Updated on March 21, 2011

Probably not too many people know that there is a city under Seattle, in the state of Washington. I didn't know it, until I lived there. I worked in Renton, for a company called Renton Coil Spring Company, way back in the 70's. Renton Coil Spring may sound like an unassuming company, but they made highly technical springs for Boeing which they used in their aircraft and other products. The springs underwent rigorous testing and specifications. The company now boasts of the fact that the rover left on the moon has products made by that company.

Getting back to the underground city: While I lived in Renton, I had the opportunity to see "The Underground City of Seattle" and was able to know for myself that it, indeed, exists. Nobody lives there, though. Actually, it is a glimpse of Seattle's first-floor buildings from the 1990's.

Before the 1990's, Most of the buildings were built with the soft, coniferous wood found in the area. In June of 1889, John E. Back, a worker in Victor Clairmont's cabinet-making shop, was heating a pot of glue over a gas fire. It boiled over and caught fire. The fire soon spread to the wood chips and turpentine on the floor. Back tried to douse the fire with water, but that only caused the fire to spread. Fire easily engulfed other buildings made of the soft wood. So massive was the fire that many fire hydrants had to be used, which caused a significant loss in water pressure. This allowed to the fire to spread further until the entire business district of Seattle was consumed.  The area, now known as Pioneer Square, was quickly rebuilt, but with brick and stones to avoid further disastrous fires.

But other problems arose, or perhaps better said, persisted: Seattle - as we know it today - was originally built on the shore of Puget Sound, and its elevation was at sea level. This meant that when it rained, the water didn't run off very well, and the streets were muddy enough to - as stated by one questionable source - "swallow dogs and children" Also, when a large wave came in, it backed up the sewer, and people that were sitting on the john (which was a new invention those days), got the surprise of a free washing. So - after the fire gave them an excuse to rebuild - toilets were raised to the second floor, and new roads were built one story off the ground so that the carriages could roll on dry pavement. The next problem that supposedly arose, was that occasionally a creative horse let its dung spill over the edge of the road's side railing, and pedestrians below got another type of surprise. (I use the terms "questionable source" and "supposedly" because of a certain rumor I later learned about this underground tour: It is known to be built on a tongue-in-cheek attitude that puts a suspicious light on the colorful stories told therein.)

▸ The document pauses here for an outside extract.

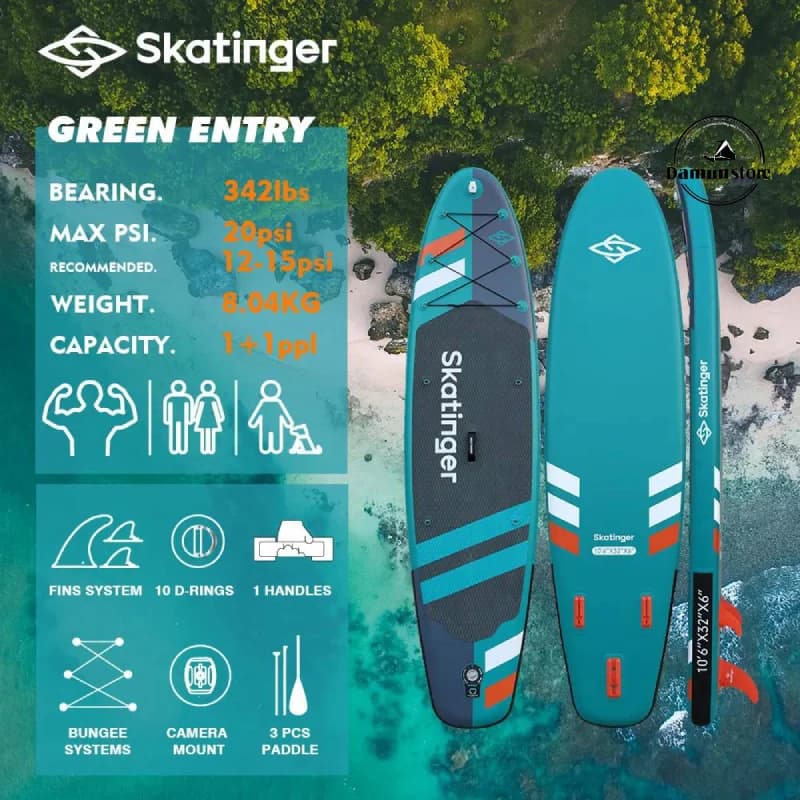 پدل برد ۱ به دو نفره اسکاتینجر مدل Skatinger JADE — تصویر ۲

So - eventually - the bottom level of all buildings were closed off, and the divisions between the roads and the buildings became underground tunnels. The second story of the buildings became the first floor. For a while, vagrants and questionable "entertainers" occupied these dark "basements" and the underground areas earned a sinister reputation for a while, until laws were instituted and passed that allowed special treatment to places that qualified for historic status. Pioneer Square won that distinction, and business-minded people took advantage, and created this unique attraction for the city of Seattle.

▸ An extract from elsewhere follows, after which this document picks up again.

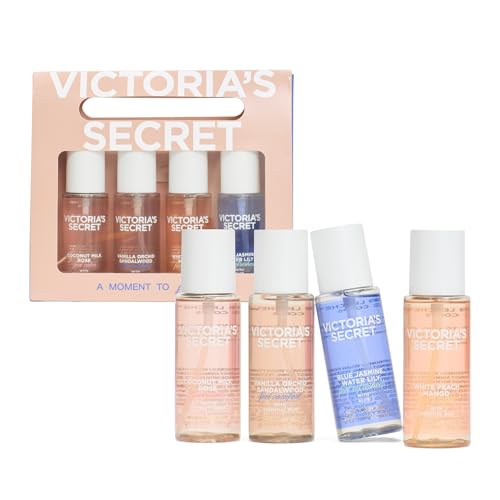 Victoria's Secret Mini Mist Gift Set - 4 Fresh Floral & Fruity Scents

The tour guide stressed how important it was that everyone who entered this underground city should leave at the end of the tour, that each tourist should be sure that all who came with them, left with them. Then he told the story of a time when - after they locked the doors to the underground city after a tour - they discovered they'd left a woman behind. When they finally found the lost soul, they saw that the woman had significantly and permanently changed her personality for the worse. Whether this story (about the woman) is true or not is a question settled by the reader.

It is true, though, that the underground areas exist, as I've seen it. It is rather spooky, made so by the rotting and useless icons of an era gone by, sitting in silent rejection within a dimly-lit and musty gray tomb where nobody ever bothered to clean or dust. The illustration at the top of this article is a conglomerate of different places in the underground city, with additional touches based on what I saw and felt.